Lawmakers told of plight of disabled, seniors in state
Tuesday, Oct. 29, 2002 | 8:58 a.m.
CARSON CITY -- Hundreds if not thousands of people with disabilities are not receiving appropriate services in Nevada, according to a state strategic plan released Monday.
"Nevada's entire system of services for people with disabilities is grossly under-funded," said the report presented to the Legislative Committee on Health Care.
The plan, along with similar studies on problems of senior citizens and health care in rural Nevada, were presented to the committee. Also outlined was a study for overhauling the rates paid by the state for health care for those citizens.
The 2001 Legislature allocated $800,000 to develop the studies to find out where Nevada was falling short and to present recommendations. The suggestions in the plans will cost millions of dollars.
State Human Resources Director Mike Willden said he will meet with Gov. Kenny Guinn Wednesday to brief him on the recommendations and to see what will be included in the 2003 budget.
Willden cautioned that all of the suggestions will not be able to be financed in one biennium but would have to be spread out of a series of years.
Tom Pierce, chairman of the department of special education at the University of Nevada, Las Vegas, and a member of the disability task force, outlined some of the points of the plan that estimated there were 375,000 people with disabilities in Nevada, of which 50,000 are children.
The report recommends more community services for this group.
"Many people who can live in the community are unnecessarily languishing in nursing facilities and other segregated setting and missing out on the many opportunities the community offers them," the report said.
"In nearly every component of community services, funding in Nevada falls far short of the needs of its citizens with disabilities.
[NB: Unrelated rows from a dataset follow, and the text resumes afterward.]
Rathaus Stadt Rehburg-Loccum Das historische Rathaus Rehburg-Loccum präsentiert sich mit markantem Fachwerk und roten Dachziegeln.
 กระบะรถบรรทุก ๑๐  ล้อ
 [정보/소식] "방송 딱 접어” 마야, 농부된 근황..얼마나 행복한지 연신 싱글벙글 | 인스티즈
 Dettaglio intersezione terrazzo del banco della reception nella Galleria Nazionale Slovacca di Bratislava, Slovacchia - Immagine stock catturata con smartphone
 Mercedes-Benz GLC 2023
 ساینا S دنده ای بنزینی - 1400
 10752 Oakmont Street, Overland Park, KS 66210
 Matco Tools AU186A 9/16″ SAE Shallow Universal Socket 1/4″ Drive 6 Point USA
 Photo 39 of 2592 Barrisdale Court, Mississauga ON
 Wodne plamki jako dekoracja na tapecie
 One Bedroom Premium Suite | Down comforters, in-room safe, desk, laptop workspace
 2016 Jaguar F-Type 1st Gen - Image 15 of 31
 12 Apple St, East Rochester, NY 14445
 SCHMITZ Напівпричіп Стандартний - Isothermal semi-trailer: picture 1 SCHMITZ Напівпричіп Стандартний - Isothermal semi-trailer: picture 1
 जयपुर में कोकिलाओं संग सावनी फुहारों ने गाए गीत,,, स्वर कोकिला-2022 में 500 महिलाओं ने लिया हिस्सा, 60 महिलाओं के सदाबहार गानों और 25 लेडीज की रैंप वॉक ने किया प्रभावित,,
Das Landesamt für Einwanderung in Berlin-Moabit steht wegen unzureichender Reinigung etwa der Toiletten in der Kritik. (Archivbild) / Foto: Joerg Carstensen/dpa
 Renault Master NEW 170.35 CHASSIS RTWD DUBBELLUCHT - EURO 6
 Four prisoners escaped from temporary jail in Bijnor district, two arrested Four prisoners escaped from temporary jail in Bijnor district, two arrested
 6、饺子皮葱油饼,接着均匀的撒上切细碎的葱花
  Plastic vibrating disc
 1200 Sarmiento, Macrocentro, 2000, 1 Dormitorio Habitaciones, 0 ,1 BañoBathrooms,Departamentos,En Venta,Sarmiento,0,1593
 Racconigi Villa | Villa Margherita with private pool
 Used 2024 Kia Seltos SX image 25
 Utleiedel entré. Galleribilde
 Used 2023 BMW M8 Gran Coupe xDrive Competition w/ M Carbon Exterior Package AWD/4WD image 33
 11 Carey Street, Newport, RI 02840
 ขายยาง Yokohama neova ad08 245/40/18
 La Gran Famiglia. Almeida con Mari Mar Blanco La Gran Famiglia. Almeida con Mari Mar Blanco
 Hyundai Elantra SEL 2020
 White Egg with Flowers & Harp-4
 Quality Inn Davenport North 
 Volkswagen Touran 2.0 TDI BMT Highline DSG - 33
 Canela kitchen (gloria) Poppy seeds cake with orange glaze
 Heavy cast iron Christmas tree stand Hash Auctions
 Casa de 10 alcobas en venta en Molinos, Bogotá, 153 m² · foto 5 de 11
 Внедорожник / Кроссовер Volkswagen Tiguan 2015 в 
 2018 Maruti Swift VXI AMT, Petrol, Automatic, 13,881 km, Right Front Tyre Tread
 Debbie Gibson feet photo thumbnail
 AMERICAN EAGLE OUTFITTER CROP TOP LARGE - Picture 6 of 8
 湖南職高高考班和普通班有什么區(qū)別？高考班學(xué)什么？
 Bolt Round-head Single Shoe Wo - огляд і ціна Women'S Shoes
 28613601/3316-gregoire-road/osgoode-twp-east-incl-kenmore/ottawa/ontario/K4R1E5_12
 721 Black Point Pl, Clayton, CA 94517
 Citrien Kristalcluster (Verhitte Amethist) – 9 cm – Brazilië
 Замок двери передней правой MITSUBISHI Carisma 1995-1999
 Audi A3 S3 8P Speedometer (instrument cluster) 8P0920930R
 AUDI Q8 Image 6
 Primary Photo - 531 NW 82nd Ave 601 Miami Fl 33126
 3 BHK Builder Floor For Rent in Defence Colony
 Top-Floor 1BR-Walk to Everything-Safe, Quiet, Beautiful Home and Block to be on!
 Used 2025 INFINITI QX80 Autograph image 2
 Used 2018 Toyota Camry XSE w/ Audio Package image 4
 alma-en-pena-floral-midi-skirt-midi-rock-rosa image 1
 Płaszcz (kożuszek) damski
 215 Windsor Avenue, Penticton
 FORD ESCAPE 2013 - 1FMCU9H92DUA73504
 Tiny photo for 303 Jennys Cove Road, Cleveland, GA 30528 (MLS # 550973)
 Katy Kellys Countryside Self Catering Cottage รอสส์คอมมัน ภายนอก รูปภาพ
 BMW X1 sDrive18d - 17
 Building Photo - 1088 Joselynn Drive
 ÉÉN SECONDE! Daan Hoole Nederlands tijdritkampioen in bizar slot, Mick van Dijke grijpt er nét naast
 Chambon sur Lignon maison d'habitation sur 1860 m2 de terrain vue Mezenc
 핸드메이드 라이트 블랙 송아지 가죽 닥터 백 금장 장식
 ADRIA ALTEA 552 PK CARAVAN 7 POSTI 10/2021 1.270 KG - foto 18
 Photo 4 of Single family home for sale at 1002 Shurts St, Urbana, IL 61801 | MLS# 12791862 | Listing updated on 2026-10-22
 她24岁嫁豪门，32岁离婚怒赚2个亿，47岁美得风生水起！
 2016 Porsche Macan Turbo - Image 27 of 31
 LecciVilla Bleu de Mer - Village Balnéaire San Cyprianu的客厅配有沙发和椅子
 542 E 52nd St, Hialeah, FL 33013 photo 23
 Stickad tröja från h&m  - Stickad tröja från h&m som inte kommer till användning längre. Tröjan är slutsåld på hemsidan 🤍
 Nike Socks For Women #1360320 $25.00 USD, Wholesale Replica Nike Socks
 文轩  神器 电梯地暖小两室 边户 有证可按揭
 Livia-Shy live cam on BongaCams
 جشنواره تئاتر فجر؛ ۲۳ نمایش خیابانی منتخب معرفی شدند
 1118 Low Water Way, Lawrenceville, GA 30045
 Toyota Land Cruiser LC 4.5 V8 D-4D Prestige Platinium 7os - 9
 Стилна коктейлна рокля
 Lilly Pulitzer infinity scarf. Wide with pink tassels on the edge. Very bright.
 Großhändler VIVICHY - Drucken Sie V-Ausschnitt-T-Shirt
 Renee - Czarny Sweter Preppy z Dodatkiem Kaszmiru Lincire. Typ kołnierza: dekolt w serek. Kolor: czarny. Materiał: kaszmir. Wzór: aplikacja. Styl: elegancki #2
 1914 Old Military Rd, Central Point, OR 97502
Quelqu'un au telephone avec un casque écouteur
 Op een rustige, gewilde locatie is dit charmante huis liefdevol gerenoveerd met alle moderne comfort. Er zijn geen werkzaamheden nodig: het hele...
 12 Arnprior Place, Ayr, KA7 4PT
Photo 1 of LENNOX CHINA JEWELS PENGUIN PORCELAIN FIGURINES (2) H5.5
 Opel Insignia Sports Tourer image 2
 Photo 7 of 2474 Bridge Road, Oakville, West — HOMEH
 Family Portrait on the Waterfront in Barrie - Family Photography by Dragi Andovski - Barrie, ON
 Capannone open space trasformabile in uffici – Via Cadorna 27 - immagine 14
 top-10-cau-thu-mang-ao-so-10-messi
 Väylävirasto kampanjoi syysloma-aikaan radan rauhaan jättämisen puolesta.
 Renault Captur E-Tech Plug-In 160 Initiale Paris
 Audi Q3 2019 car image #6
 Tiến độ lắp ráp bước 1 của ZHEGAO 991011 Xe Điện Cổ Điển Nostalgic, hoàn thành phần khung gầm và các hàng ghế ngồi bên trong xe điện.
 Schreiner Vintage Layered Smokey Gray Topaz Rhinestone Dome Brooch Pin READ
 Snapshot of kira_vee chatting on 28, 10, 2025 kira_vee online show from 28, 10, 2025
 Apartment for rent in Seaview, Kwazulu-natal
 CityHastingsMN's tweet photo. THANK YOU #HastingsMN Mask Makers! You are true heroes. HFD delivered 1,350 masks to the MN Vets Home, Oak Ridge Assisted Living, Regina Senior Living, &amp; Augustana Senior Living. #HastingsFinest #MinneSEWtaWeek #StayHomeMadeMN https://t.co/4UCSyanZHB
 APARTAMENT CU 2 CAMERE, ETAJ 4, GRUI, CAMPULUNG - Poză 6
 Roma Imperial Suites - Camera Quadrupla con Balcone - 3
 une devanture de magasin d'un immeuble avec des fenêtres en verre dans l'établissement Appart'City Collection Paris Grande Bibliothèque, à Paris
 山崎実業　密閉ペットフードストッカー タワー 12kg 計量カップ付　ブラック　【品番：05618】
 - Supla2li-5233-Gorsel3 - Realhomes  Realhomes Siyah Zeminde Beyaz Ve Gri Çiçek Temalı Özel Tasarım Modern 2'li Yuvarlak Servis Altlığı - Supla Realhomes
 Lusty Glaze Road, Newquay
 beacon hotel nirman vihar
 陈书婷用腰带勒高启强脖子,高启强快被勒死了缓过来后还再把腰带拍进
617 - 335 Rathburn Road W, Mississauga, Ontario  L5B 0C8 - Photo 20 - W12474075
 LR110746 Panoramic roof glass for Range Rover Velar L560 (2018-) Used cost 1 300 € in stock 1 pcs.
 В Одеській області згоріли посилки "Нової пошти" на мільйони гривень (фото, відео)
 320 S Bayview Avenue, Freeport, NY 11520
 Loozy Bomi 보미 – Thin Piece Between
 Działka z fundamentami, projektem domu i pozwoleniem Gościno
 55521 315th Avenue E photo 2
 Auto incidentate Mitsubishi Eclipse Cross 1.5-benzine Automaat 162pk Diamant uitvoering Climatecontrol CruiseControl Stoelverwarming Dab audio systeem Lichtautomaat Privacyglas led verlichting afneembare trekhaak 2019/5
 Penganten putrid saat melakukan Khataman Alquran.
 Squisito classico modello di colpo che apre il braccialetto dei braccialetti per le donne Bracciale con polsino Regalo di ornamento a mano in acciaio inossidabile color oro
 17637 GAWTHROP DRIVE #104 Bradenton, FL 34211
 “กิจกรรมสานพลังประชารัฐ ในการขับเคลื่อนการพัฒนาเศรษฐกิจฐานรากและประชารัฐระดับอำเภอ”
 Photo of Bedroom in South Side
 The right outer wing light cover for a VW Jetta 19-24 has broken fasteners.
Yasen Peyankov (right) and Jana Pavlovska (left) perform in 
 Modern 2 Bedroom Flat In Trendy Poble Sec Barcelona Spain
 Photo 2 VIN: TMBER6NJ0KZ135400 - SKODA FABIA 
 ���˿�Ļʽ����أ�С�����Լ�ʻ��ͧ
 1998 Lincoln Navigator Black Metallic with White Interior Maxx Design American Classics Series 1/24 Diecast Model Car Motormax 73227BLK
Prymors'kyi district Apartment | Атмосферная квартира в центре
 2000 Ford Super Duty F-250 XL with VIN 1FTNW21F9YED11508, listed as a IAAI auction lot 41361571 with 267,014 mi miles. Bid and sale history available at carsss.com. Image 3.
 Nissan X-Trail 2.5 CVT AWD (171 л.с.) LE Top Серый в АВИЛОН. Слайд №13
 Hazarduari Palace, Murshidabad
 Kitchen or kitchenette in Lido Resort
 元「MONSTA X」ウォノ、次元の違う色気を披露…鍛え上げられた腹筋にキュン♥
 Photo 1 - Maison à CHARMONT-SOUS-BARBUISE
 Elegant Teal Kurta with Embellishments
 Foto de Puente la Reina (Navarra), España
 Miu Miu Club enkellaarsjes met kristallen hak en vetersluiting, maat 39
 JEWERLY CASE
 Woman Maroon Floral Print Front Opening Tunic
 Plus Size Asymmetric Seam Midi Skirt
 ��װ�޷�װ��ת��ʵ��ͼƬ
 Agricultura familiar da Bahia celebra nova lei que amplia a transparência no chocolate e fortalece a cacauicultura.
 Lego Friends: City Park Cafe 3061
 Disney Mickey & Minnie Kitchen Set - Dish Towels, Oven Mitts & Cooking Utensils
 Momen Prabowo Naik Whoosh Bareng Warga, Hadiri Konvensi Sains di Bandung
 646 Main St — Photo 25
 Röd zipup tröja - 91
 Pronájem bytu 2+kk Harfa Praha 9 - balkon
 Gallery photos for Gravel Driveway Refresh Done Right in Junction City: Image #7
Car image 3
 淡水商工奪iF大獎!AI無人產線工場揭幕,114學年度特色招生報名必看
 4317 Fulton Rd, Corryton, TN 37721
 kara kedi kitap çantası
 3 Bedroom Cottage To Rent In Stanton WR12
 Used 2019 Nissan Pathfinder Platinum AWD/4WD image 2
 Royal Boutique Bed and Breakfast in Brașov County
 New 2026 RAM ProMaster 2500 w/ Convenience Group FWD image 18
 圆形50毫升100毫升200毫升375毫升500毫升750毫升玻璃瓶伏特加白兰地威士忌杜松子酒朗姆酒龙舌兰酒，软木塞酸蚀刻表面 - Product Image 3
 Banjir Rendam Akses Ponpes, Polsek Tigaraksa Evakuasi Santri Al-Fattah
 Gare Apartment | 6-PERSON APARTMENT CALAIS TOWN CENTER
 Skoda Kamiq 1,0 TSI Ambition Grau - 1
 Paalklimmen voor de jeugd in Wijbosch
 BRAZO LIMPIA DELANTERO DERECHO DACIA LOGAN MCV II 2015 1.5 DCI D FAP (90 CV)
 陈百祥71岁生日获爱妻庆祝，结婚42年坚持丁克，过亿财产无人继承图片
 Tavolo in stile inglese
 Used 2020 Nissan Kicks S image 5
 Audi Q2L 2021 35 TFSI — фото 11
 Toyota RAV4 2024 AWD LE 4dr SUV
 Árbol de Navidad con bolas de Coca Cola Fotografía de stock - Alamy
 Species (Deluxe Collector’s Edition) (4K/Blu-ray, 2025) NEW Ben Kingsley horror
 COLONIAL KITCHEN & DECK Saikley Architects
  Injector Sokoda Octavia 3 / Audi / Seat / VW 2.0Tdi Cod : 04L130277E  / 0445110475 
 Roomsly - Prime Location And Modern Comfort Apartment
When compared with other states across the country in terms of both overall spending and per capital fiscal effort for community services, Nevada is either last or almost last in nearly every funding category."
There are more than 125 Nevadans with disabilities living out of state, and Pierce said that was "the wrong thing to do." Nevada must start its own programs to take care these people, Pierce said.
Susan Rhodes, chairwoman of the Senior Services Task Force, echoed some of the complaints about services for the elderly. She said 85 percent of senior citizens who are in publicly funded programs are in nursing homes. The goal is to reduce that to 60 percent. And she wants to lower the number of hospital visits of seniors by 15 percent.
Rhodes, asked by Sen. Ray Rawson, R-Las Vegas, about long-term care insurance for the seniors, said it's too expensive for many of the elderly to buy.
Rawson, who is chairman of the legislative committee, suggested the state might have to look at providing insurance to cover long-term care for seniors who retire from the state. He said that would amount to about $150 a year in added premiums that would be paid by both young and old state workers.
Rawson said 50 to 60 percent of the people can't afford the insurance to cover costs of a nursing home or other services provided in the community.
A goal of the senior task force is that by 2010, 290,000 Nevada elderly pay no more than 30 percent of their income for housing and utilities and that those enrolled in the state's low-cost prescription drug program be increased from 7,500 to 10,124.
Robin Keith, chairman of the Rural Health Task Force, said the major problem in rural counties is the lack of medical care.